Then, the important consideration is the matter of how those activities are proceduralized, such that their respective underlying methodologies become portable to other workers. Logically, this is one of the responsibilities of the individual knowledge worker: initially adapting the activity's methodology to the real environment for operations. This adaptation is the basis of the activity's effectiveness. But the adaptation can also be assisted and formalized, to increase the efficiency of applying the methodology by the given worker. Any external assistance can be considered an "input" to the management of the processes.

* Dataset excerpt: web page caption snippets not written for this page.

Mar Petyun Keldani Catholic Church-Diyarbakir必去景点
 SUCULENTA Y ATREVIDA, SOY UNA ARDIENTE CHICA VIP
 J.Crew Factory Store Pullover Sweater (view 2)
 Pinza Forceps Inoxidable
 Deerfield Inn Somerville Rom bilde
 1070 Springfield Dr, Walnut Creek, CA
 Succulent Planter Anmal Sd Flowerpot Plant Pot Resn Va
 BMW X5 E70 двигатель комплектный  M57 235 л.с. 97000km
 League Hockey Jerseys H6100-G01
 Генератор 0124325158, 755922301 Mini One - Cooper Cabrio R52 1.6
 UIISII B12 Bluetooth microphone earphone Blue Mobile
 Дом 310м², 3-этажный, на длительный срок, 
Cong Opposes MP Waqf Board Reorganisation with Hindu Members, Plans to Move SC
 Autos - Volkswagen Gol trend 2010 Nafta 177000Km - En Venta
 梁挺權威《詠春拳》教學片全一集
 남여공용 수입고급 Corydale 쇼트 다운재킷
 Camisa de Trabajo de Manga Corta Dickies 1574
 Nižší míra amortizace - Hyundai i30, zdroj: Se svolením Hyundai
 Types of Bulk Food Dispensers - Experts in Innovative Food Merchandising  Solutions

Here, another distinguishing point emerges regarding direct measurement of knowledge work's productivity. The person identified as a "knowledge worker" could be evaluated as a "resource cost" -- but that type of evaluation is likely arbitrary without comparative benchmarks that describe the same activities and assists applied to substantially similar circumstances. In effect, the "resource cost" view presents the "knowledge worker" as a kind of function, for which availability and quality are actually the key measurable characteristics. But in that case the productivity issue derives from the management of the worker, not from the worker's own effort. We still want to understand the worker's effort itself.

3.

What really matters to business improvement is the impacts of the knowledge processes. For example, there are two basic categories of significance holding four types of results that should be treated as target business outcomes of the knowledge work:
- (impacts related to liabilities) risk mitigation and lower opportunity cost
- (impacts related to benefit) quality certification and innovation

As the source of these impacts, the knowledge processes managed by the worker thus protect and expand the business's measurable ability to affordably create and capitalize on opportunity. This means that, when successful, they produce a new "resource" of greater value than the business's ingoing investment in acquiring, deploying and maintaining the knowledge worker as a resource. That defacto statement of ROI addresses the motivation behind executive attention to the improvement of knowledge work.